Nine Circles of Dependency Hell

Aug 22, 2021

A copy (one of six) of Rodin's The Gates of Hell at Stanford University. This one contains a utility door behind it, nicknamed the Backdoor to Hell.

We've all been there. Your project has been overwhelmed by the complex web of its software dependencies to the point of stoppage. Developers spend more time fixing these issues than writing code most of the time.

Welcome to Dependency Hell; I'll be your Virgil.

The First Circle: Limbo. Are my dependencies even correct?

Someone committed updated packages without updating a manifest like package.json.

The Second Circle: Lust. Updating a new package and breaking something else.

We all want the new function, the latest version of the library. We need it. Now we broke something else.

The Third Circle: Gluttony. Old and/or unnecessary dependencies checked in.

One more dependency won't hurt. It doesn't matter when it's finally removed because it made the git repo 2GB larger forever.

The Fourth Circle: Greed. Multiple package managers.

Your data scientist loves to use anaconda, so now there's a conda configuration file checked in alongside the pip requirements.txt. Two's company.

The Fifth Circle: Wrath.
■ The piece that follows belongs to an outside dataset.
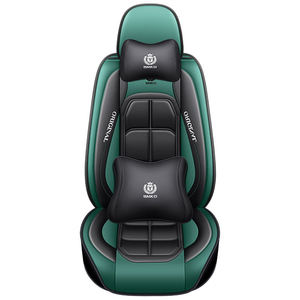 Housses de siège universelles en cuir pour voiture à cinq places, accessoires de décoration intérieure automobile 2022, vente chaude - Product Image 2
The package you need isn't in your package manager.

Now that you think about it, you're using Ubuntu Trusty Tahr. So, where are the package owner gremlins?

The Sixth Circle: Heresy. Monkey patching a dependency.

Why won't this open-source project take my specific and untested patch? Guess I'll just monkey patch it.

The Seventh Circle: Violence. Breaking changes on a minor or patch version.

In practice, it's major.minor.patch. In reality, it doesnt.mean.anything.

The Eighth Circle: Fraud. Circular dependencies.

Library A depends on a specific version of B, but B can't run without depending on a specific version of A.

The Ninth Circle: Treachery. The Diamond Dependency Problem.

Library A depends on libraries B and C, and both B and C depend on D – but B requires D version 1, and C requires D version 2.